**WHAT YOU ARE ASKED TO DO:** An exact reproduction of the records is required, with all images left out.

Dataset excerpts
------------------------------

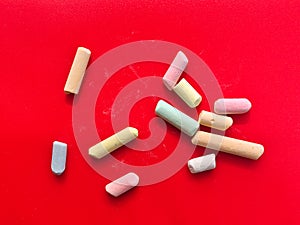 Broken multicolored chalk pieces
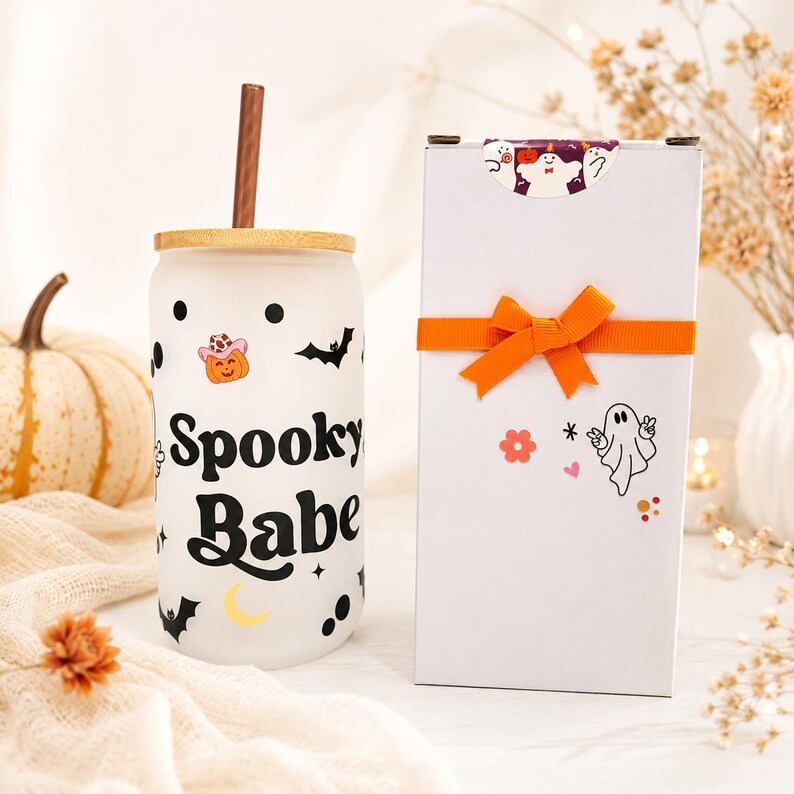 May include: A frosted glass tumbler with a bamboo lid and brown straw, featuring black text reading Spooky Babe, black bats, polka dots, a yellow crescent moon, and a pumpkin wearing a pink cowboy hat, next to a white gift box with an orange ribbon.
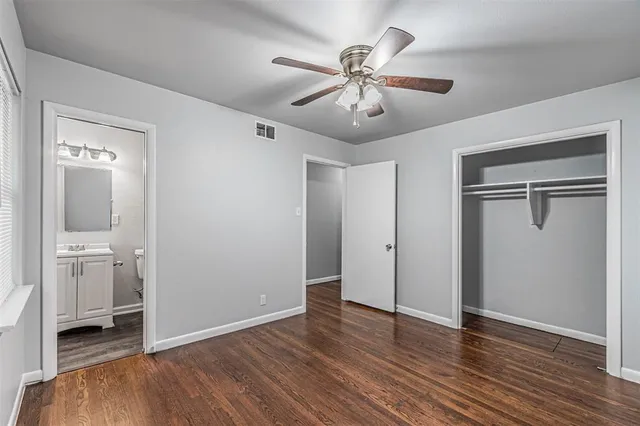 an empty room with wooden floor and mirror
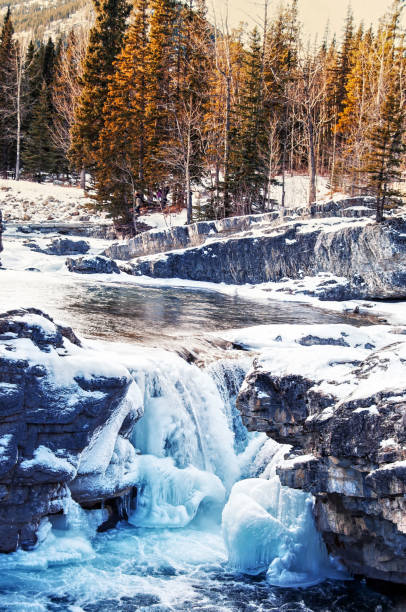 istock Partly frozen Elbow Falls near Bragg Creek,Alberta,Canada 911758652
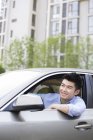 Hombre chino conduciendo e inclinándose fuera del coche - foto de stock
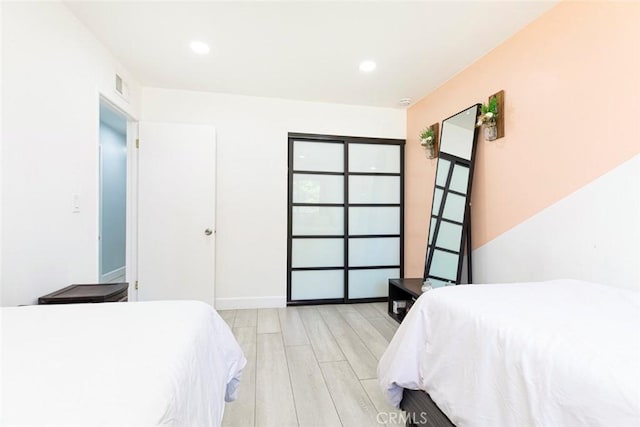 bedroom featuring light hardwood / wood-style flooring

------------------------------

**THE ANSWER:**
 Broken multicolored chalk pieces
 May include: A frosted glass tumbler with a bamboo lid and brown straw, featuring black text reading Spooky Babe, black bats, polka dots, a yellow crescent moon, and a pumpkin wearing a pink cowboy hat, next to a white gift box with an orange ribbon.
 an empty room with wooden floor and mirror
 istock Partly frozen Elbow Falls near Bragg Creek,Alberta,Canada 911758652
 Hombre chino conduciendo e inclinándose fuera del coche - foto de stock
 bedroom featuring light hardwood / wood-style flooring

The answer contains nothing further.